Tacere

Tacere è parola che arriva dritta dritta dal latino (taceo). Non parlare quando se ne avrebbe la possibilità, dicono i vocabolari. Singolare che un blog sull'importanza delle parola cominci con la loro assenza, ma attenzione, tacere è altra cosa dallo stare zitti, implica uno sforzo, un'inibizione, avere qualcosa da dire o testimoniare e tenerselo per sè. Silenzio è quiete, tacere è violenza, seppur auto inflitta.

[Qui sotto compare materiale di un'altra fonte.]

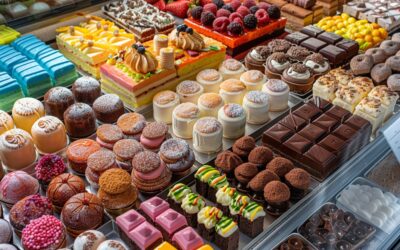 Quels desserts savoureux pouvez-vous découvrir sur Marmiton ?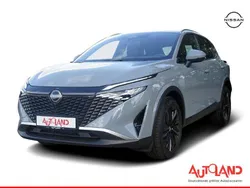 Grau Neu 2025 Nissan Qashqai Tekna SUV | 32.490 € (Fairer Preis)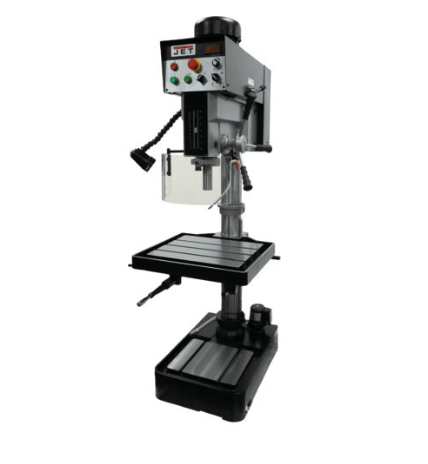 Jet JDP-20EVS-110, 20 in. EVS Drill Press 120V 354220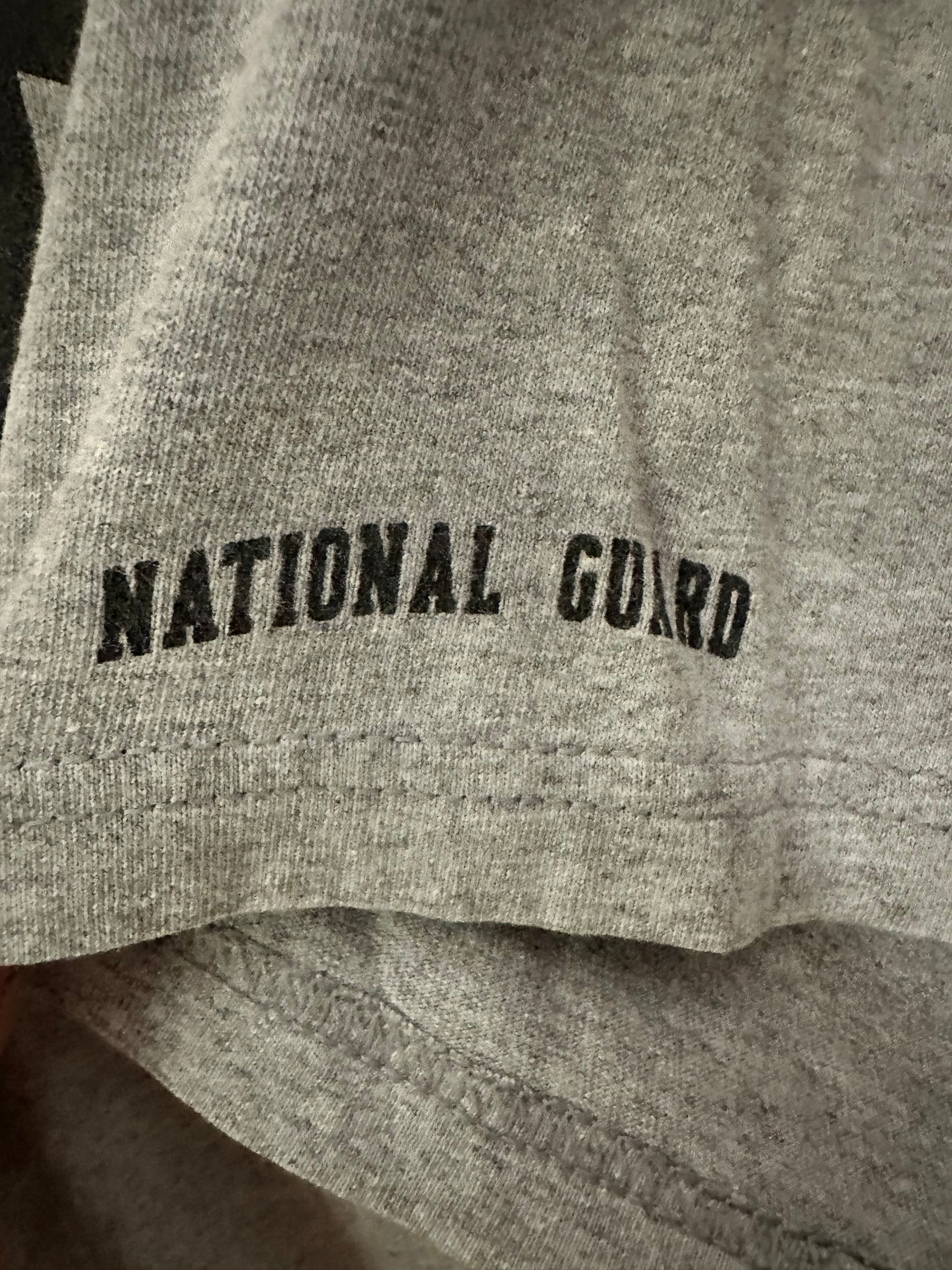 Oarsman 913 "Old Guard" Cotton Mens T-Shirt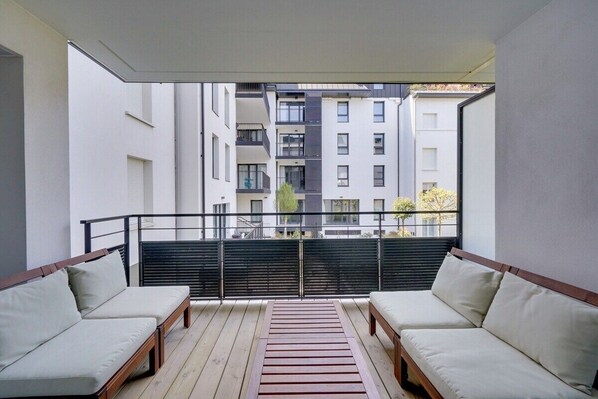 Property grounds - Dune flat- Center Arcachon (Arcachon)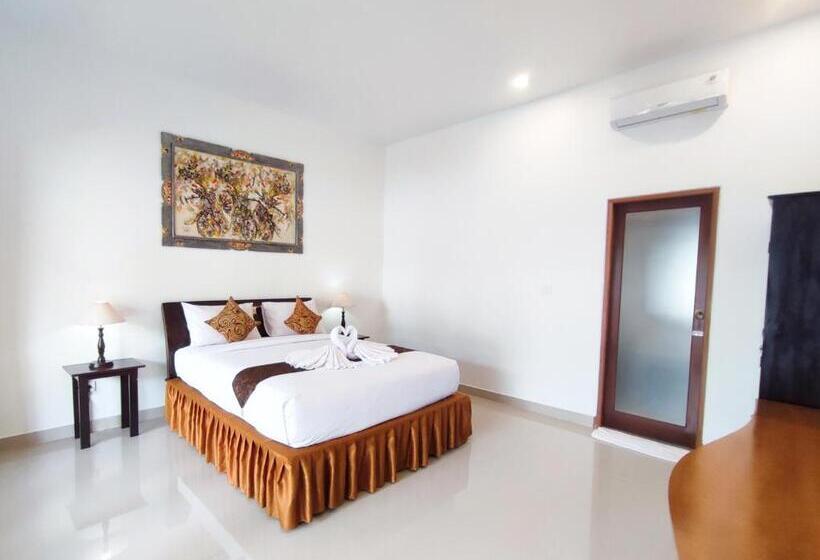 Номер Deluxe, The Bali Menjangan Boutique Villas & Dive Center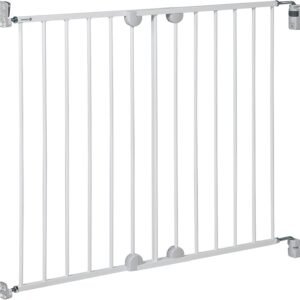 Safety 1st Wallfix Barrera de seguridad extensible para escaleras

E allora "Taci!" è l'imperativo più sferzante. Taci tu che parli male della tua terra, che getti fango negli occhi che ti hanno visto bambino. Le tue parole appestano e riportano in vita il male sepolto ("Se trovo chi ha fatto le serie de La Piovra e chi scrive libri sulla mafia facendoci fare brutta figura nel mondo, giuro che lo strozzo", Silvio Berlusconi). Tacete voi che screditate i vostri fratelli, che non state dalla parte della Patria, sempre. Tacete voi che ci fate passare da radicali, che esponete la causa alle critiche ("Anche questo è un problema: i sostenitori della pace che temono di essere sospettati di "slealtà" sono sempre più impegnati con la tattica, mentre la destra e i coloni portano avanti una strategia", David Grossman, a proposito della petizioni che invita gli artisti a non esibirsi nel nuovo teatro di Ariel, uno dei territori occupati in Cisgiordania). Tacete puttane che osate reggere lo sguardo, che mettete in discussione l'ordine delle cose, fondato sul vostro dolore. Tacete cassandre, noiose e querule, pensate a divertivi, invece di insultare i vostri uomini e il vostro paese (dalla testimonianza di due ragazze afghane, attiviste per i diritti delle donne nel loro paese).
Taci, taci e volta la faccia dall'altra parte, dimentica e renditi schiavo ("Più profonde ferite che a me inflisse a te il tacere, più grandi stelle ti irretiscono nella loro insidia di sguardi, più bianca cenere giace sulla parola cui hai creduto", Paul Celan).